La izquierda debe tener una selección adecuada de sus candidatos, que represente a los sectores sociales prioritarios, que exista un método capaz de lograr la profesionalización de sus cuadros políticos y que esto contribuya al mejoramiento de la calidad de vida de la sociedad.
Ser de izquierda no es únicamente decirlo, es una forma de pensar, de actuar, de discutir: es una convicción.
Decirse de izquierda debe dejar de ser una moda para convertirse en el verdadero eje de cambio que Jalisco necesita.
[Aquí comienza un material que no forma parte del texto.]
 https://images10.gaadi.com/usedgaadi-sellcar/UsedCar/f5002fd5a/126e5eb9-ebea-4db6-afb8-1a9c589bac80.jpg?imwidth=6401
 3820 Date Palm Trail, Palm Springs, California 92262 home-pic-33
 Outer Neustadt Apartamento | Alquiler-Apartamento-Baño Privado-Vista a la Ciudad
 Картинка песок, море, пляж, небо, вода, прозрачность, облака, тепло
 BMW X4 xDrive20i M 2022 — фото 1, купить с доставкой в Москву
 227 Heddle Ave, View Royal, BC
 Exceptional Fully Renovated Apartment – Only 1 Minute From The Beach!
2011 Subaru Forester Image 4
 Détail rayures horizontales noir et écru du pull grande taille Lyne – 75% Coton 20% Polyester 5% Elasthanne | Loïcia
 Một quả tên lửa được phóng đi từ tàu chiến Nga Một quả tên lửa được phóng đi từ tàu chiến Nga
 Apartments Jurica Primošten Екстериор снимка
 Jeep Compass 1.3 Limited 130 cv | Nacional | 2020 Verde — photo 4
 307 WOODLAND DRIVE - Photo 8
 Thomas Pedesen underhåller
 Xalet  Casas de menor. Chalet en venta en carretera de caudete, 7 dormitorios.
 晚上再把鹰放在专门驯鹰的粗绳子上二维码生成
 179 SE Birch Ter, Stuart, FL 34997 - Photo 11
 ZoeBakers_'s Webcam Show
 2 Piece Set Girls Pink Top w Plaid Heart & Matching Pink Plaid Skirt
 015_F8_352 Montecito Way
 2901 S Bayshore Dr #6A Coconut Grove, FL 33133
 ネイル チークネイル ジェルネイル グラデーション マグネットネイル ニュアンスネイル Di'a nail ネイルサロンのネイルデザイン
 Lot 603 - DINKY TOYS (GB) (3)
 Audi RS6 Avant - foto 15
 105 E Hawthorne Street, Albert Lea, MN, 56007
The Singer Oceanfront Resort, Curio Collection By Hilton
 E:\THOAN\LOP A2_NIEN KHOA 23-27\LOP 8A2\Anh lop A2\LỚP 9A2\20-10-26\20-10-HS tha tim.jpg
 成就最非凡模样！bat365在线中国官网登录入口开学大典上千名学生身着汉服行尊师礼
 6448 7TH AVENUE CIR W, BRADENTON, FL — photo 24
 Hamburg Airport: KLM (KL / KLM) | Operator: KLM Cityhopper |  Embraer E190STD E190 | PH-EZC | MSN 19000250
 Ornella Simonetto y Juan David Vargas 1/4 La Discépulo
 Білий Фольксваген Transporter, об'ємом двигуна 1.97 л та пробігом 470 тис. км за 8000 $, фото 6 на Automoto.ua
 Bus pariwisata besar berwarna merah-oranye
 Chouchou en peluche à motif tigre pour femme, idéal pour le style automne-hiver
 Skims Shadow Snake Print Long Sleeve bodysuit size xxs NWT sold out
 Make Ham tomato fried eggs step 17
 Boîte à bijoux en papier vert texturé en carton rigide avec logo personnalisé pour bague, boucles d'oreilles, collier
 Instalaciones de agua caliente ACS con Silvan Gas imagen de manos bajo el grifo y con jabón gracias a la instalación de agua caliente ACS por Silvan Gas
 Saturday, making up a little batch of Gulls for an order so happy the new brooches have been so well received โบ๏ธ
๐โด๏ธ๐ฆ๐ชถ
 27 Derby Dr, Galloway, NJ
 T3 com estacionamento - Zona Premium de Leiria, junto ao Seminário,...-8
Aun cuando las encuestas dejan fuera de la contienda para la gubernatura de Jalisco al PRD en el 2012, lo cierto es que en política no está nada definido, la reorganización y restructuración del partido debe de tomarse en serio, se debe aprender de los errores, hay que incluir a las diferentes expresiones y terminar con las luchas internas en el plano mediático para hacerlo dentro de los órganos de dirección. Hay que parar de pelear por lo poquito y ser una verdadera representación en los espacios de gobierno, para lograr lo más importante que es la aplicación de políticas públicas con las que se avance en los grandes temas prioritarios para la ciudadanía.
El verdadero objetivo de la izquierda debe ser llegar al poder para desde ahí marcar la diferencia con programas que impulsen el desarrollo social y no sólo la asistencia social. El desarrollo social es parte fundamental en la construcción de ciudadanía, con ella se logra la participación de las personas de manera responsable, sin clientelismo, para crear las bases de la verdadera democracia y en consecuencia logra el fortalecimiento de las instituciones.
Ante el total agotamiento de los gobiernos conservadores, la izquierda debe aprender a escuchar más y gritar menos; a explicar mejor sus fundamentos, a dejar de depender de personajes que se autonombran los salvadores de la izquierda y construir una base formada e informada; a poner el ejemplo sobre los temas a debate, argumentar mejor y aprender a ganar para dar continuidad a proyectos de largo plazo.
La izquierda en Jalisco debe encontrar sentido, debe modernizarse, debe convertirse en una verdadera opción de cambio para la mejora continua de las condiciones de vida de los ciudadanos, debe entender que todos caben en un verdadero proyecto de izquierda.
Como dijo Porfirio Muñoz Ledo: “la verdadera democracia tiene la posibilidad de consolidarse una vez que gana un tercer partido”, al bipartidismo sólo se le llama alternancia, en Jalisco ni los casi 70 años de PRI ni los 15 de PAN han podido cambiar el sistema político.
En 2009 la mayoría de jaliscienses que salieron a votar decidieron meter reversa, eso debería despertar el asombro de más de alguno, porque hemos sido capaces de minimizar el daño hecho en otras décadas con tal de no seguir con un gobierno de derecha, por eso es que la izquierda tiene una oportunidad de cambiar el sistema y la relación entre gobernantes y gobernados, la cita es en 2012, pero la izquierda tiene que empezar a resolverlo hoy.